Vi raccontiamo l’intervista al Signor Lupo!

D: «Ehm… Margherita, hai preso la lista delle domande? E le istruzioni del Versoconver, te le ricordi?»

M: « Certo! Non ti preoccupare, mi sembri un po’ agitato…stai tranquillo, vedrai andrà tutto bene.»

D: « Sì hai ragione, è che non vedo l’ora scoprire cosa ha da dire il Signor Lupo»

M: «Anch’io. Abbiamo avuto proprio una bella idea Diego: conoscere la vita degli animali attraverso le parole dei diretti interessati sarà un’esperienza fantastica!»

D: « Speriamo che il Signor Lupo sia della stessa opinione…sai com’è…»

M: « Non crederai alla favola del lupo cattivo? Vedrai che il Signor Lupo sarà felice di dire la sua in proposito. Ora concentriamoci, siamo arrivati alla sua tana…proviamo a chiamarlo: Signor Lupooo!

S.L: «Chi mi chiama? Oh ma che sorpresa, due cuccioli umani che parlano il lupese! Che cosa desiderate?»

D:« Che accoglienza gentile, non ce l’aspettavamo… saremmo venuti ad intervistarla, se non la disturbiamo…»

S.L.: «Macché disturbo, accomodatevi. Forza, che volevate sapere da me?»

D: « Ecco…saprebbe dirci perché le persone temono i lupi più degli altri animali?»

S.L: « La risposta è semplice: perché per secoli gli esseri umani hanno mantenuto la paura del “lupo cattivo” attraverso storie, filastrocche, favole e persino cartoni animati»

M.:« Infatti! In Cappuccetto Rosso e nella fiaba I tre porcellini si sente parlare di un grosso lupo cattivo che divora la nonna e un lupo terrificante che abbatte una casa di paglia per divorare vivi i porcellini. Quindi non c’è nulla di vero?»

S.L.: «Oh… se è per questo esistono anche racconti tradizionali; storie orribili in cui l’eroe dà la caccia a lupi mannari che mangiano uomini nelle notti di luna piena. Ma noi non siamo malvagi, la verità è un’altra: il lupo ha bisogno di mangiare come tutti gli altri e non può certo andare a compare il cibo al supermercato, così caccia pecore, capre, facili prede, che sono spesso proprietà degli umani, da qui la nostra brutta fama. E vi dirò di più: al contrario di ciò che si pensa, i lupi non attaccano gli umani a meno che non si sentano minacciati.

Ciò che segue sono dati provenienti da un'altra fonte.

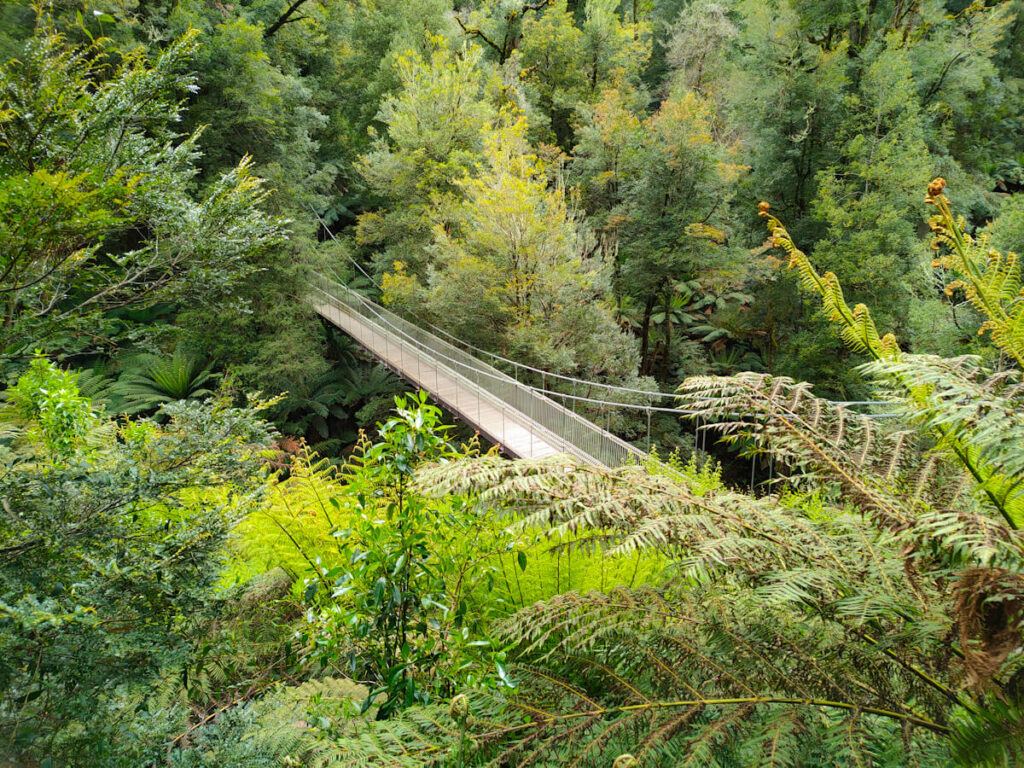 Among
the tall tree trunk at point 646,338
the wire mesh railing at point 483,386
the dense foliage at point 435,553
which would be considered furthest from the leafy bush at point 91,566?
the tall tree trunk at point 646,338

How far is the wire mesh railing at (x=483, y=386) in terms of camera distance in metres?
5.89

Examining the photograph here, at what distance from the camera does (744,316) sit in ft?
43.3

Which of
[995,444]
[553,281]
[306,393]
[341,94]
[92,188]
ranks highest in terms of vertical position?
[341,94]

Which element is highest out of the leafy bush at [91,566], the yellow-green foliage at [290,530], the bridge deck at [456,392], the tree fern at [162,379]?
the leafy bush at [91,566]

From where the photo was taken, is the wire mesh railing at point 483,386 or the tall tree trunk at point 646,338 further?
the tall tree trunk at point 646,338

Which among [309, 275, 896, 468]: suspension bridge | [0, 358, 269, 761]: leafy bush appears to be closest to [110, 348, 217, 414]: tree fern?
[309, 275, 896, 468]: suspension bridge

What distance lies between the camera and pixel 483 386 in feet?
25.4

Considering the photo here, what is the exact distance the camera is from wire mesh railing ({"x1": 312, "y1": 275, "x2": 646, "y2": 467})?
5.89 metres

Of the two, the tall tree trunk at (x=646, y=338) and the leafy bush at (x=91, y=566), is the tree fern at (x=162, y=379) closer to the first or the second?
the leafy bush at (x=91, y=566)

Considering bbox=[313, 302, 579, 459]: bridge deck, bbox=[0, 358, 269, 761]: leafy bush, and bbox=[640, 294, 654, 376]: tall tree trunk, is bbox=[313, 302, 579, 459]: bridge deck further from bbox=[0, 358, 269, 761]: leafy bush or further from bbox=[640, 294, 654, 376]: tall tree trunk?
bbox=[640, 294, 654, 376]: tall tree trunk

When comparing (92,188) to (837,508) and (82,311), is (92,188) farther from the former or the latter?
(837,508)

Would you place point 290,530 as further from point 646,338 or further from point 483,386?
point 646,338

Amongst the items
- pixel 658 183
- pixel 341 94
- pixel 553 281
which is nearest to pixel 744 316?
pixel 658 183

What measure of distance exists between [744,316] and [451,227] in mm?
7572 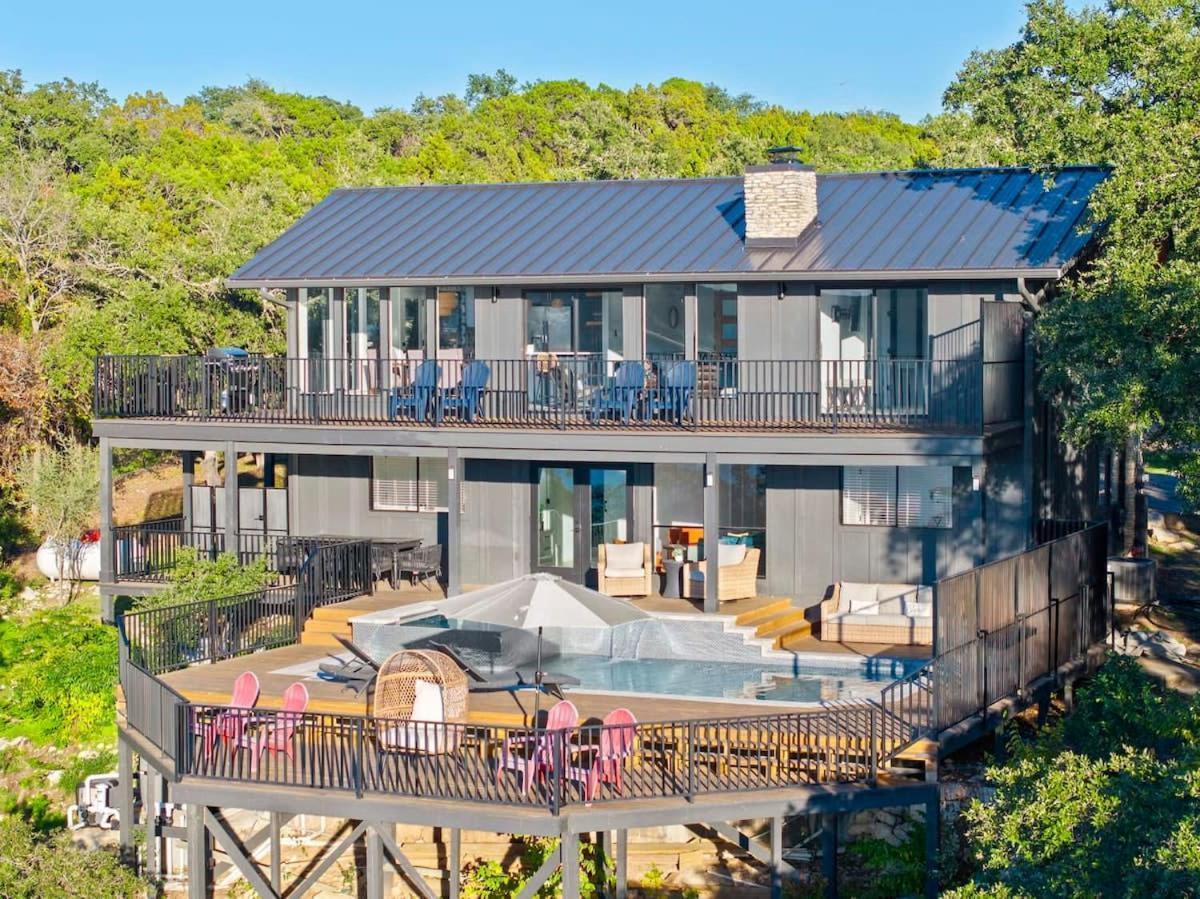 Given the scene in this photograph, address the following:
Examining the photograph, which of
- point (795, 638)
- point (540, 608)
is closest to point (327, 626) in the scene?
point (540, 608)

D.:« Quindi, siete buoni?»

S.L.:«Mah… né buoni, né cattivi, assecondiamo la nostra natura. Vi dirò una cosa: nei tempi passati i lupi e i primi umani giocavano nella stessa squadra: si aiutavano per ottenere cibo, trovare fonti di gioco e quindi condividere il bottino della caccia. Poi gli esseri umani hanno pensato di essere i migliori; di essere unici…»

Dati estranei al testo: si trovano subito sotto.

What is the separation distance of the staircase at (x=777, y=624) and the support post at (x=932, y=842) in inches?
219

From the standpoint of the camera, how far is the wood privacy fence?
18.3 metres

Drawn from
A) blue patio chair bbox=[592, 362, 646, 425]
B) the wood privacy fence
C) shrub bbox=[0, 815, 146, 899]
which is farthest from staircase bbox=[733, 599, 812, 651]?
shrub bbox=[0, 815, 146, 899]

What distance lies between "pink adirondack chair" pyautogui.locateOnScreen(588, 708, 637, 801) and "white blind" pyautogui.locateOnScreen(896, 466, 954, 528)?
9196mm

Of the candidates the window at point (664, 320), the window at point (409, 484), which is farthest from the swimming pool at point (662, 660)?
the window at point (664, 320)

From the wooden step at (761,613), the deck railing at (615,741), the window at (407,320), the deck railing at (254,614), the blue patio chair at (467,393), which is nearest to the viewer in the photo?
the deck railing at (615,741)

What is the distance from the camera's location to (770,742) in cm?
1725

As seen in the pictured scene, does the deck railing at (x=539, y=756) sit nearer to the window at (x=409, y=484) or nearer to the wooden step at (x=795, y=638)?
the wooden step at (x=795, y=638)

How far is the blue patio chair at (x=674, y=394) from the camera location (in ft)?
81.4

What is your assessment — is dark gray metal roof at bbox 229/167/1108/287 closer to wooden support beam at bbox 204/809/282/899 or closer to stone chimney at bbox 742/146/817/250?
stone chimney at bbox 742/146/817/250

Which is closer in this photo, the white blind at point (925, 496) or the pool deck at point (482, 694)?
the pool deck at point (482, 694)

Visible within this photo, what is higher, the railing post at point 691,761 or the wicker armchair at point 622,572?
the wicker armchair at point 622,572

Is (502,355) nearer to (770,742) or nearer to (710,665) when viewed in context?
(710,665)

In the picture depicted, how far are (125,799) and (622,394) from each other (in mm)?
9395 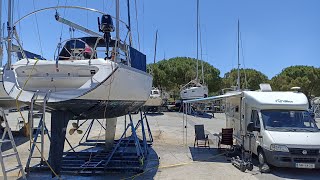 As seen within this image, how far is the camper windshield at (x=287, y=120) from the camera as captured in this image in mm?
11070

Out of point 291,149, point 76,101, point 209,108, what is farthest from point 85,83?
point 209,108

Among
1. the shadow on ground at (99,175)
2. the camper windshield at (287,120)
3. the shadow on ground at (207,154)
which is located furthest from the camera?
the shadow on ground at (207,154)

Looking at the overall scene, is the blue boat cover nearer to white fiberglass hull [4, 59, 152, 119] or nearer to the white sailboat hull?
white fiberglass hull [4, 59, 152, 119]

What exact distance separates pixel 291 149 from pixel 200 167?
2.72m

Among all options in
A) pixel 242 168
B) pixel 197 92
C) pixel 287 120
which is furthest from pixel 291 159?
pixel 197 92

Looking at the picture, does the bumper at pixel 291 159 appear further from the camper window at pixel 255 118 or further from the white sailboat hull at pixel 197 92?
the white sailboat hull at pixel 197 92

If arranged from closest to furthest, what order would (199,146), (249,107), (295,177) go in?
(295,177) < (249,107) < (199,146)

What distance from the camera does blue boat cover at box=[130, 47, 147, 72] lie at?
35.8 feet

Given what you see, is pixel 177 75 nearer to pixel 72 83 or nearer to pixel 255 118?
pixel 255 118

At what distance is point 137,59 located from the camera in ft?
37.2

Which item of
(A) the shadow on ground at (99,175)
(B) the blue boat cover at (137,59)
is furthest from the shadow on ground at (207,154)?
(B) the blue boat cover at (137,59)

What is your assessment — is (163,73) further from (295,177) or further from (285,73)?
(295,177)

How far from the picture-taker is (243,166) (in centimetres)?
1049

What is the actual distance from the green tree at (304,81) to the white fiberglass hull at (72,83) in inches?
1734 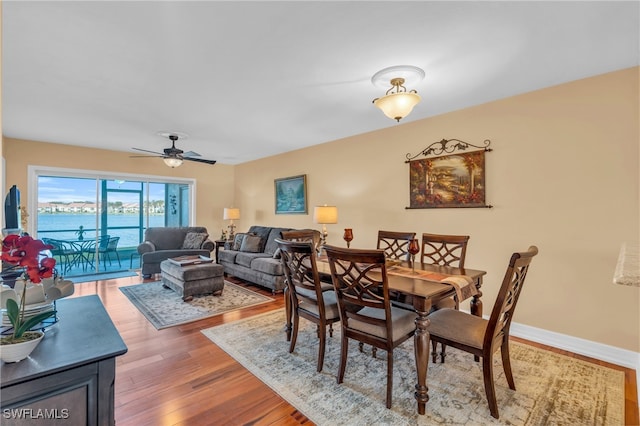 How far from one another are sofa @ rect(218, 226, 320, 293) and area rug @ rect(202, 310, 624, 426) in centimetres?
157

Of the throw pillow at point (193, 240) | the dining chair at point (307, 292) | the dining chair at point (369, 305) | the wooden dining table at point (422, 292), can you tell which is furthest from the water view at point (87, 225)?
the dining chair at point (369, 305)

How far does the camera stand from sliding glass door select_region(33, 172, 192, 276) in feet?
17.9

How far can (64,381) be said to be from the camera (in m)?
1.03

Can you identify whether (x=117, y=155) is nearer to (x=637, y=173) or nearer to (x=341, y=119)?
(x=341, y=119)

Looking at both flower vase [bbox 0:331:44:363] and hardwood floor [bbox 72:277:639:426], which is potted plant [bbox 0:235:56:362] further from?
hardwood floor [bbox 72:277:639:426]

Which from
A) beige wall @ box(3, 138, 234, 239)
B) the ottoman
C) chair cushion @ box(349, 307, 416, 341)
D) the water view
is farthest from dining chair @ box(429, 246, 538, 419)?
the water view

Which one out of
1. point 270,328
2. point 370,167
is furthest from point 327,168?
point 270,328

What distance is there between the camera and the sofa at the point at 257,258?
14.5ft

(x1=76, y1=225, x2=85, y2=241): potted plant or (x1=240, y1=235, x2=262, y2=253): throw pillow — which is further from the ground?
(x1=76, y1=225, x2=85, y2=241): potted plant

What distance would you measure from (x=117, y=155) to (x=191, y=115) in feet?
10.8

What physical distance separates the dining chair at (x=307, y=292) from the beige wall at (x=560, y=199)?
196cm

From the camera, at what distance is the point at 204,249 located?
→ 5938 millimetres

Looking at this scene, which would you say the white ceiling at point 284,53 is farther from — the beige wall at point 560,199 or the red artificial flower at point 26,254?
the red artificial flower at point 26,254

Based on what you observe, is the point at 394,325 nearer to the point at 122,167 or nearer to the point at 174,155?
the point at 174,155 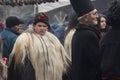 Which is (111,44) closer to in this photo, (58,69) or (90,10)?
(90,10)

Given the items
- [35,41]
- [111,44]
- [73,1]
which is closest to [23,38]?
[35,41]

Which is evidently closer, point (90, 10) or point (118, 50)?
point (118, 50)

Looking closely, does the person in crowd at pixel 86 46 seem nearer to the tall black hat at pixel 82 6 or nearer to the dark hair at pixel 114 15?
the tall black hat at pixel 82 6

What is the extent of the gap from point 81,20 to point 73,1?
28 cm

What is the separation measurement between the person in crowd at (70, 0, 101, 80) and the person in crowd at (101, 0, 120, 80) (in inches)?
9.5

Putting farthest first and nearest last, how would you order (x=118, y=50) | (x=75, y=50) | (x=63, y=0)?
(x=63, y=0)
(x=75, y=50)
(x=118, y=50)

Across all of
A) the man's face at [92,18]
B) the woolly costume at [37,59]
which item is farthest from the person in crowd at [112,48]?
the woolly costume at [37,59]

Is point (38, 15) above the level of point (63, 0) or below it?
above

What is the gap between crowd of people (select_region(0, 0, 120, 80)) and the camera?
6.94 meters

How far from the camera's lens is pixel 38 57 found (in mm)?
8367

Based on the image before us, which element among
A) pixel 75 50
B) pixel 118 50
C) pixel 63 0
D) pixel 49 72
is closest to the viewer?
pixel 118 50

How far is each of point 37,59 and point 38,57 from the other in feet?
0.14

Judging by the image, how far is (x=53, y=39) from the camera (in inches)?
339

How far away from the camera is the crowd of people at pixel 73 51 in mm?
6938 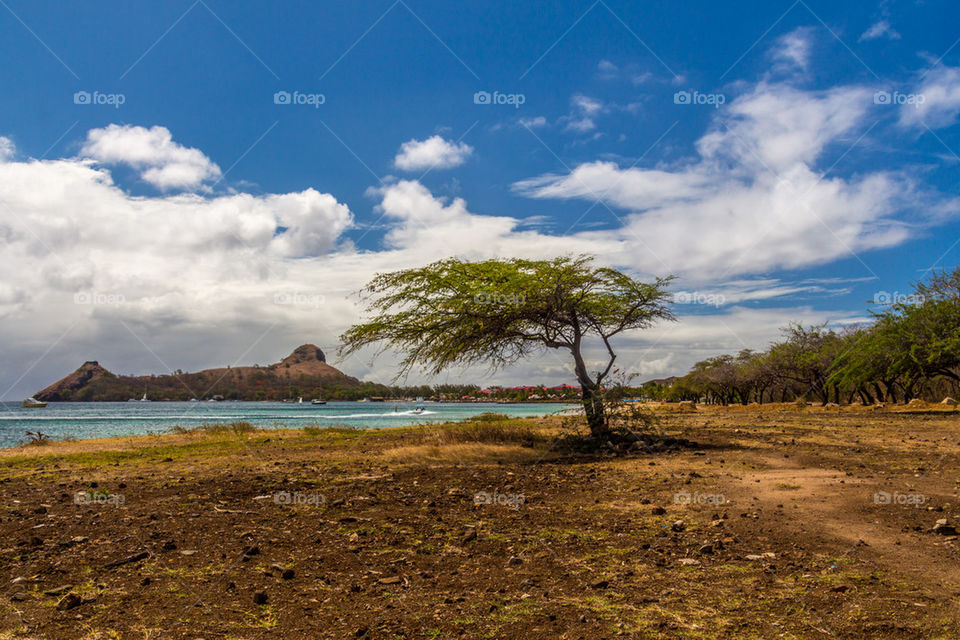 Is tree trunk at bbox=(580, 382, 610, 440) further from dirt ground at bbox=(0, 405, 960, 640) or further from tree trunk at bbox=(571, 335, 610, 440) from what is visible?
dirt ground at bbox=(0, 405, 960, 640)

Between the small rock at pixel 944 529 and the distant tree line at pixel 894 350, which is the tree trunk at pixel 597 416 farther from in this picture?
the small rock at pixel 944 529

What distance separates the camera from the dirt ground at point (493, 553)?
4484 mm

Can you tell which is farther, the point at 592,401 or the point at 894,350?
the point at 894,350

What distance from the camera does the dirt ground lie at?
4484 millimetres

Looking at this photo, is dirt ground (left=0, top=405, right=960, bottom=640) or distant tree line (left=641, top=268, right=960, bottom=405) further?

M.: «Già…beh, ci dispiace… c’è qualcosa che possiamo fare?»

S.L.:« Beh, ce ne sarebbero molte, ma quello che potreste fare qui e adesso è consigliarmi qualche libro che ha per protagonista il lupo.»

D.:«Certo! Potremmo consigliarle: Una zuppa di sasso di Vaugelade Anais (Babalibri), un libro davvero commovente, che racconta una storia di amicizia, centrata sulla lotta ai pregiudizi.

Racconta di un lupo che si reca a casa della gallina e le chiede di poter entrare, detta così, ci si può aspettare il peggio, invece il finale è una vera sorpresa.

Poi Lupo & Lupetto di Nadine Brun-Cosme, Olivier Tallec (Clichy), un libro che introduce il concetto di fratellanza e che parla di Lupo che vive tutto solo sotto il suo alberello. Ma un giorno Lupetto arriva e si piazza da lui, non è una situazione facile da accettare, in seguito scoprirà quanto è bello trascorrere le giornate in compagnia.

S.L.: «Grazie mille! Siete stati gentilissimi, tornate a trovarmi, mi raccomando!»

D e M:«Grazie a lei, dell’ospitalità!».